Em Alcácer do Sal, conta-se a lenda de uma bela moura encantada. Os velhos dizem que em certas noites de luar, encostados aos muros do antigo castelo, ainda podemos ouvir a triste Almira suspirar, cantando, pelo seu D. Gonçalo...
Conta a lenda que, quando Afonso II conseguiu penetrar em Alcácer, os mouros fugiram apavorados ante a sanha dos cristãos. Naquela precipitação, uns atiraram-se das torres, outros fugiram de roldão pelas portas escancaradas e alguns utilizaram antigos subterrâneos só deles conhecidos. Na debandada geral, porém, uma menina ficou esquecida, ou, quem sabe, seus pais terão perecido. Mal falava, ainda. Sabia que se chamava Almira, mas pouco mais conseguia dizer. Às perguntas que lhe faziam, esbugalhava os olhitos negros, sem compreender por que razão não estava ali a mãe ou a ama. E, de repente, virava-se de costas para aquela gente que a interrogava, escondia a cara nas mãos e soluçava baixinho, sacudindo levemente os cabelos negros de noite como um manto de veludo.

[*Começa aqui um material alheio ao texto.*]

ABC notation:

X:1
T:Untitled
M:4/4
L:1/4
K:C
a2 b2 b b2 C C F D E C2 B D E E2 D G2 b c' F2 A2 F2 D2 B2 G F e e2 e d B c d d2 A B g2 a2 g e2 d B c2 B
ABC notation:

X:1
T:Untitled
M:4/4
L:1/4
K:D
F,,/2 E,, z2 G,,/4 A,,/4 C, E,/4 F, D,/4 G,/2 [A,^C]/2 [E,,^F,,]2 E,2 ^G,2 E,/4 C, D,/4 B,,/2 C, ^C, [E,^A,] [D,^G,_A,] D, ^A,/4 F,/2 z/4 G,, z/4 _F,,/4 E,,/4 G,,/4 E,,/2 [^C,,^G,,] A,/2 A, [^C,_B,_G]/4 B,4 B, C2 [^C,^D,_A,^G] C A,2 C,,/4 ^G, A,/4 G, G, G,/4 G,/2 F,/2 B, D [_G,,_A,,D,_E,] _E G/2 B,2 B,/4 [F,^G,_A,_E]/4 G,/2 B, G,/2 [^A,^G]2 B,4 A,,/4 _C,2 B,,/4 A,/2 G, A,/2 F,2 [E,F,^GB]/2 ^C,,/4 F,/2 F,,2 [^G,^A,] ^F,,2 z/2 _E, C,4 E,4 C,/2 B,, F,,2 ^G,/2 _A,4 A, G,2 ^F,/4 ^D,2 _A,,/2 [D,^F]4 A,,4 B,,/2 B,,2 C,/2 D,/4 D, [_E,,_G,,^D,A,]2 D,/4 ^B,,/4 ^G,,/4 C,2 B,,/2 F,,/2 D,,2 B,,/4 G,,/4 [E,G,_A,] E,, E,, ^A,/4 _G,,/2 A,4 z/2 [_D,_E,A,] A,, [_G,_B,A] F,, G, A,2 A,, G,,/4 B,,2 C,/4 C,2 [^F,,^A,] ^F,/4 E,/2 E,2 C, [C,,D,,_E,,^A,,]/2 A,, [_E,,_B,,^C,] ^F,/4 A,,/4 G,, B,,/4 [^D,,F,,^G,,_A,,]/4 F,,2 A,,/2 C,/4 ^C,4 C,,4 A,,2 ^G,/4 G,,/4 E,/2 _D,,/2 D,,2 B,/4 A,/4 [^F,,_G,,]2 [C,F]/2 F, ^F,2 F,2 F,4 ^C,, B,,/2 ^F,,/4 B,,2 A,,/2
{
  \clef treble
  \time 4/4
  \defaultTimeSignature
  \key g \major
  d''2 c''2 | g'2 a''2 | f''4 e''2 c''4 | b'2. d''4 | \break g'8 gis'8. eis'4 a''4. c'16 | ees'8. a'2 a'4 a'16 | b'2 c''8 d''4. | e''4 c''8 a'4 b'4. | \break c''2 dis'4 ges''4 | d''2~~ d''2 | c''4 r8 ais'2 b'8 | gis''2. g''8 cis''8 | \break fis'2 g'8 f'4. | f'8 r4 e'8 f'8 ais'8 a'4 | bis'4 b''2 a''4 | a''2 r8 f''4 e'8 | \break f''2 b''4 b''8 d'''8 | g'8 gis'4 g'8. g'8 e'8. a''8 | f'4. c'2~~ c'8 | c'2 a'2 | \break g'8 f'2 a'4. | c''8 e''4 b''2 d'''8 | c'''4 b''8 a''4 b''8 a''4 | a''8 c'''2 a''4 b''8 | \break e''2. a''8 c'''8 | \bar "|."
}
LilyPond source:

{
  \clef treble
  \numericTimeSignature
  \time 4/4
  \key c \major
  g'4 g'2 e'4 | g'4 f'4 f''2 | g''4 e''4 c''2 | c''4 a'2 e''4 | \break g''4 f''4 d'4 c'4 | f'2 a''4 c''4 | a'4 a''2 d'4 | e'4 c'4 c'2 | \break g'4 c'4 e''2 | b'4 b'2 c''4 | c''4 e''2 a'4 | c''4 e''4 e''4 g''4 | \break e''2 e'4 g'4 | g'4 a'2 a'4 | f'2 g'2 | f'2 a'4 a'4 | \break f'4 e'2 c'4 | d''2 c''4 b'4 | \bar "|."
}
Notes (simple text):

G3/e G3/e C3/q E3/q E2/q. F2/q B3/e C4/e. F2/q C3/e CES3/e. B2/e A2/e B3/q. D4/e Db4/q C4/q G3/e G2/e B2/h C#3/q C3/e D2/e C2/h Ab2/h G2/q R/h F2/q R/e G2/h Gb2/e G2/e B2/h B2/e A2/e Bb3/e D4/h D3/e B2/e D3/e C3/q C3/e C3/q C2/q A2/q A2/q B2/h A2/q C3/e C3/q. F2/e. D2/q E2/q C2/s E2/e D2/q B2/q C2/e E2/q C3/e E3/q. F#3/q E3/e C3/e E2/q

Almira foi recolhida no castelo e criada como cristã. Parecia ter esquecido a sua ascendência e provavelmente esqueceu-a, porque ninguém lha lembrava. Foi crescendo rodeada de amor e, como era dotada para a música, aprendeu alaúde, que tocava como mais ninguém. O seu espírito irrequieto e sonhador pregou-lhe a partida de a fazer poetisa. E assim, com o alaúde e a sua poesia, rivalizava com qualquer trovador que pousasse no castelo, tirando sempre a vantagem do esquisito sentir que a tornava diferente. Havia nela uma tristeza ausente, feita de saudades do que não lembrava mas amava. E essa tristeza ausente fazia do seu corpo, espiga dourada, um desejo doloroso de quantos cavaleiros por ali passassem. E Almira deixava-os ir e vir. Observava os seus feitos guerreiros com um sorriso gentil. Honrava-os nos seus poemas, mas continuava sentada no seu trono invisível, sorrindo um sorriso longínquo, intocável, sempre. Até que um dia D. Gonçalo chegou a Alcácer do Sal.

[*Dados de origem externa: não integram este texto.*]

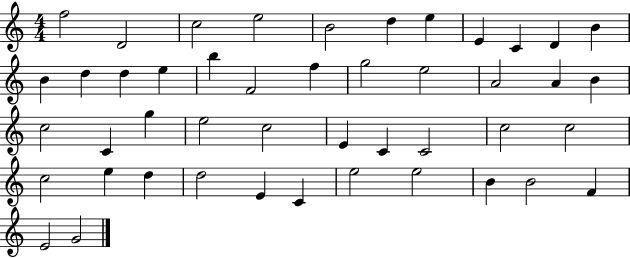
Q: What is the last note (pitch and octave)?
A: G4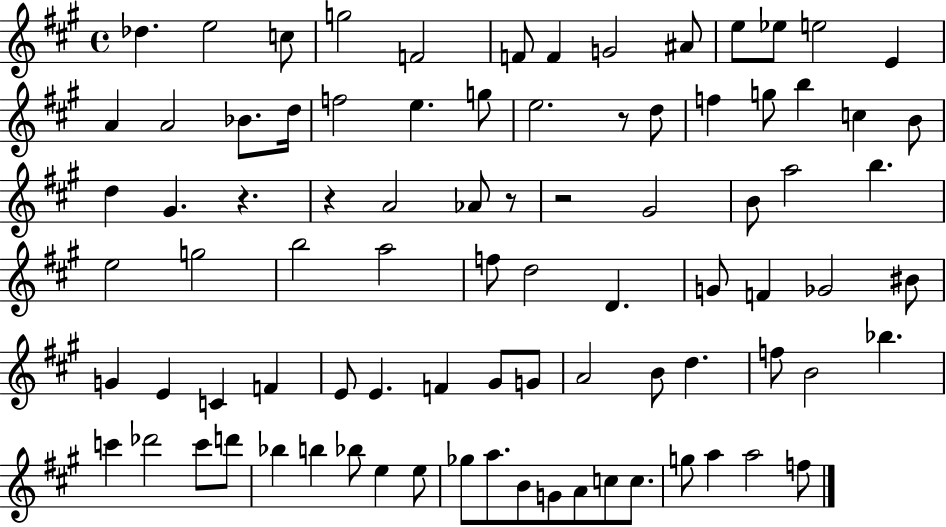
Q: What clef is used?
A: treble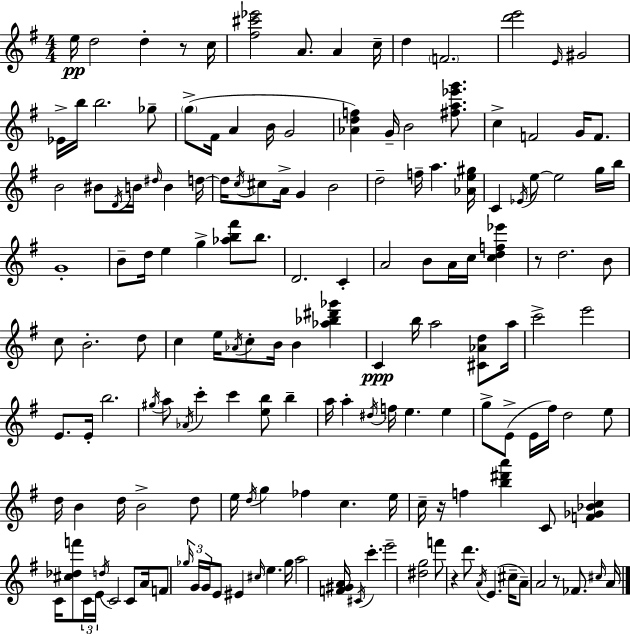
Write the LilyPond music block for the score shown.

Como qualquer outro cavaleiro, chegou em busca de honra e serviço. E como qualquer outro, também, veio para conhecer Almira e o seu sorriso. D. Gonçalo era assim, nem bonito nem feio. Tinha olhos, uns olhos tais que Almira desapareceu dos salões e nunca mais voltou a sorrir a ninguém do divã onde se sentava cantando tristezas ausentes. Uma dor estranha instalara-se como uma rosa desabrochando eternamente no seu corpo, na sua alma, em si inteira. Encostada ao parapeito da sua torre, Almira soltava no ar gritos de amor em cânticos melodiosos:
Pois é mais vosso que meu,
Senhor, o meu coração
Pois vossos cativos são
Meus olhos, lembro-vos eu.
Lembro-vos minha tristeza,
Que jamais nunca me deixa,
Lembro-vos com quanta queixa
Se queixa minha firmeza.
Lembro-vos que não é meu
O meu triste coração
Pois tendes tanta razão,
Meus olhos, lembro-vos eu.
D. Gonçalo ouvia, mas não se atrevia. Bem sabia D. Gonçalo que aqueles "meus olhos" eram seus. Até que, uma noite, D. Gonçalo ouviu e atreveu-se. Almira tocava alaúde baixinho, quase em surdina, como um suspiro interior. O cavaleiro, encostado às ameias do terraço da torre, ergueu timidamente a voz e os olhos, e cantou:
Mais digna de ser servida
Que senhora deste mundo,
Vós sois o meu deus segundo
Vós sois meu bem desta vida.
Vós sois aquela que amo
Por vosso merecimento,
Com tanto contentamento
Que por vós a mim desamo.
A vós só é mais devida
Lealdade neste mundo
Pois sois o meu deus segundo
E meu prazer desta vida.
Almira ouviu. Sentiu a vida fugir-lhe por um instante sem tempo. Depois, quando conseguiu voltar a si, endireitou seu corpo de espiga, olhou o cavaleiro e, sussurrando como um vento que mal toca a copa das árvores, disse, apenas:
- Oh! Meu senhor D. Gonçalo!
O resto não conta a lenda, mas diz quem sabe que, em certas noites de luar de Agosto, se ouve os sussurros dos dois amantes, que eternamente se quiseram encantados nas muralhas da velha Salacia Romana.